Baingan ka bharta – It was a long weekend, and we decided to make a short trip of it and stay at the Sula Vineyard’s bungalow called The Beyond . The bungalow came with 3 servants and a cook that I would have gladly married, just to get him to dxb to cook for me everyday! (I decided against this cos I’d gained so much weight in the 3 days I was there that if he were to stay permanently with me, I’d soon have gotten so fat that I’d have gotten wedged in the doorway!). The best baingan bharta we ever had, we ordered it every single day! ~ Nasik, India

Red velvet cake from Magnolia’s. One word- orgasmic! ~ Dubai, UAE

I could go on, but I’m hungry! Veena’s invited me over for lunch and Subodh’s making mojitos for which I need to pick up mint!

Cheers!

Within Reach

I was in London and had the whole day to myself. I’d already done the touristy spots with my friends the previous day and they’d gone back to Dxb early that morning. I decided to stay back for a week to explore more of the country.

I opened my Lonely Planet and looked up The Monument.
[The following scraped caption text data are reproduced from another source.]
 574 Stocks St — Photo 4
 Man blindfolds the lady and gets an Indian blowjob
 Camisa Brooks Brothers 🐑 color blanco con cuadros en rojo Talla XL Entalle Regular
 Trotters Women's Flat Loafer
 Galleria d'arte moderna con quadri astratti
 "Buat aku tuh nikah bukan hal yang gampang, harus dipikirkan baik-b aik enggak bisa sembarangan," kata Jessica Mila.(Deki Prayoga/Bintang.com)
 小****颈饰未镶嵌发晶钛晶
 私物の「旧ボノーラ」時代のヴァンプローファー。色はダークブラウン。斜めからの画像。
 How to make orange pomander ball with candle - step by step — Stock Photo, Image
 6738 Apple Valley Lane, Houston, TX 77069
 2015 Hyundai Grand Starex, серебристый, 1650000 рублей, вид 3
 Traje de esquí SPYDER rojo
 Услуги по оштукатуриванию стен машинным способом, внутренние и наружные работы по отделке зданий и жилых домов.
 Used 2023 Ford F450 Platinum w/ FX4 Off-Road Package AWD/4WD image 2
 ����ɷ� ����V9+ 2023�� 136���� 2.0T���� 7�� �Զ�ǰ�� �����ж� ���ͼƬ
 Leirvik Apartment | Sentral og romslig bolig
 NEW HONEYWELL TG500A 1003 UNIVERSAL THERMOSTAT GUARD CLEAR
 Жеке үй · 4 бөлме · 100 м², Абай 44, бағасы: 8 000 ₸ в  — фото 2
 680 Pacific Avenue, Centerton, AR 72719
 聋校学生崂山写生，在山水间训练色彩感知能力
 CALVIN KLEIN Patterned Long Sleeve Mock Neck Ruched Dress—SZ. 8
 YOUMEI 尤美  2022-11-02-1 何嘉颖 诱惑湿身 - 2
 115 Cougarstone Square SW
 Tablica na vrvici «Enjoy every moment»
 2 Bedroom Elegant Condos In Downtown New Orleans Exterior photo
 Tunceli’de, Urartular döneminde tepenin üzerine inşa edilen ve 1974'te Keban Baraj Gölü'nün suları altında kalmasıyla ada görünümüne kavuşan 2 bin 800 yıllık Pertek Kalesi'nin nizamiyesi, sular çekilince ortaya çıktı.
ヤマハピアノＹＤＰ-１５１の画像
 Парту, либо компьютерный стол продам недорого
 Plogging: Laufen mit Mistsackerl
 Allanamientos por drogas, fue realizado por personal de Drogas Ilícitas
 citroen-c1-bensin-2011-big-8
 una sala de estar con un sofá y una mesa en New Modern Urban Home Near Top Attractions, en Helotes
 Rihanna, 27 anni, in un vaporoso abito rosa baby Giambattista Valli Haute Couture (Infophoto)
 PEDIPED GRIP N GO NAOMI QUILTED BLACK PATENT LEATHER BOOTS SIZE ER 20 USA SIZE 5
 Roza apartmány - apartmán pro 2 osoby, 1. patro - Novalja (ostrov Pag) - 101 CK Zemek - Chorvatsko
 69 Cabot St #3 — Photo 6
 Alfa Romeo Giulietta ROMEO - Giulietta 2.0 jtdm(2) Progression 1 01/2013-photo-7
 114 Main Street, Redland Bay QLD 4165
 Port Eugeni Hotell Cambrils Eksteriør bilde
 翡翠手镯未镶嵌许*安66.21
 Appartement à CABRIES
I was somehow fascinated by it and wanted to check out the place. After following the directions written on the book and the Tube map , (which was a lot of fun, l love maps!)  I got there and started on my way up. Only, I hadn’t anticipated the steps getting narrower and narrower on the way to the top or me suddenly getting a case of acrophobia, not to mention claustrophobia!

On the verge of panic, I ended up just sitting there for a while, trying to get my bearings and figure out what the hell to do, while a few people passed me by on their way up and down.

I was too scared to climb any higher, and when I looked down and saw the steps winding down to the curious red circle at the bottom, I felt like I’d never be able to move again!

After several deep breaths to calm myself, I decided to push on and get to the end of it, and surprisingly, reached the top after about only 20 more steps! And to think I’d almost planned on turning back, having reached so close to the top!

Once I reached the top, I felt exhilarated! I had done it! I took a lot of pictures, and chatted animatedly with everyone else up there about how crazy the climb was and all. Climbing down was easier, cos I was still psyched from the climb up! They even gave me a certificate at the end of it for having climbed to the top!

Life is like that sometimes, isn’t it? You end up struggling for a while to get someplace and you work at it so long and so hard that you tire yourself out. And then, sometimes, you feel so dejected and get so fed up that you give up.

But maybe, it’s better to keep trying. Maybe, you’re only just 20 steps away.

By the Ticking of the Clock

So I almossst missed my flight to Oman. I got home only at 7pm for an 8:30 pm flight cos I was delayed at work. The cabbie was already waiting for me while I parked my car and ran up to my house, to pack! Yes. I’m kinda a last-minute packer. (esp cos I hate traveling for work, and packing for it depresses me further).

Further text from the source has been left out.